• [Short text fragments from websites]

= Beginning of Section =

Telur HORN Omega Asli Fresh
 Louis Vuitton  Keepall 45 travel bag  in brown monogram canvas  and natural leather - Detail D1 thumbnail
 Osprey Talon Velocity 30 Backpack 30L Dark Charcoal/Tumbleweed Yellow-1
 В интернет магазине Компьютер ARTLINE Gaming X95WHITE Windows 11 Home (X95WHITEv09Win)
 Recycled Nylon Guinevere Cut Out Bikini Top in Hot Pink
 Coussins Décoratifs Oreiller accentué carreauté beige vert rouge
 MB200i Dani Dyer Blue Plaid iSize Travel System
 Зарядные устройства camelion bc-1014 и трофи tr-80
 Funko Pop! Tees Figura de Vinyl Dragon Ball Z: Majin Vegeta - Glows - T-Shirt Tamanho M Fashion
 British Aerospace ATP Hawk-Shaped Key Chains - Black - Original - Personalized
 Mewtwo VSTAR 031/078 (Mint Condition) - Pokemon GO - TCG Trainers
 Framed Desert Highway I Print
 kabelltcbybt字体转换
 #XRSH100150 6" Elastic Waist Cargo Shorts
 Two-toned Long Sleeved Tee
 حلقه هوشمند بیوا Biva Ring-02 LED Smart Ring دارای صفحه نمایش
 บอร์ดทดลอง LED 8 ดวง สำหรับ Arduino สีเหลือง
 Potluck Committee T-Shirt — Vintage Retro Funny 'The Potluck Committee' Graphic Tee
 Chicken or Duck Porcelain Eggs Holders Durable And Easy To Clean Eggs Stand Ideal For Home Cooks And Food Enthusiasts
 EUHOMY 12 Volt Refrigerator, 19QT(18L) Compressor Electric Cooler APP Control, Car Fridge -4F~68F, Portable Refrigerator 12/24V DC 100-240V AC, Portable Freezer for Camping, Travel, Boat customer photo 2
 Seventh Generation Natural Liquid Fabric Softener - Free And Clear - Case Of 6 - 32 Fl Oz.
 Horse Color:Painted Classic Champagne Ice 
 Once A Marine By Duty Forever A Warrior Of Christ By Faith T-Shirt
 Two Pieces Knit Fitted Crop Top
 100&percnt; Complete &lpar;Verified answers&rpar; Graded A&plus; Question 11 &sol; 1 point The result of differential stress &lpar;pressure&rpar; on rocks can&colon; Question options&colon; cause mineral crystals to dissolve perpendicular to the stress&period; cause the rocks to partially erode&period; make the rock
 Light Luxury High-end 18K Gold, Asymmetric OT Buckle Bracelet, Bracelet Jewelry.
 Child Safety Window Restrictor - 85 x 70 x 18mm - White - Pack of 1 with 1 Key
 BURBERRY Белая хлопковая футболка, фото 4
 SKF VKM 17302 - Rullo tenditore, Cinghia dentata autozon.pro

= End of Section =

• [Task statement] What is needed is a verbatim copy of every line in the records above from the one containing "حلقه هوشمند بیوا" down to the one containing "Chicken or Duck", both included, and nothing more.

• [Exercise output]
 حلقه هوشمند بیوا Biva Ring-02 LED Smart Ring دارای صفحه نمایش
 บอร์ดทดลอง LED 8 ดวง สำหรับ Arduino สีเหลือง
 Potluck Committee T-Shirt — Vintage Retro Funny 'The Potluck Committee' Graphic Tee
 Chicken or Duck Porcelain Eggs Holders Durable And Easy To Clean Eggs Stand Ideal For Home Cooks And Food Enthusiasts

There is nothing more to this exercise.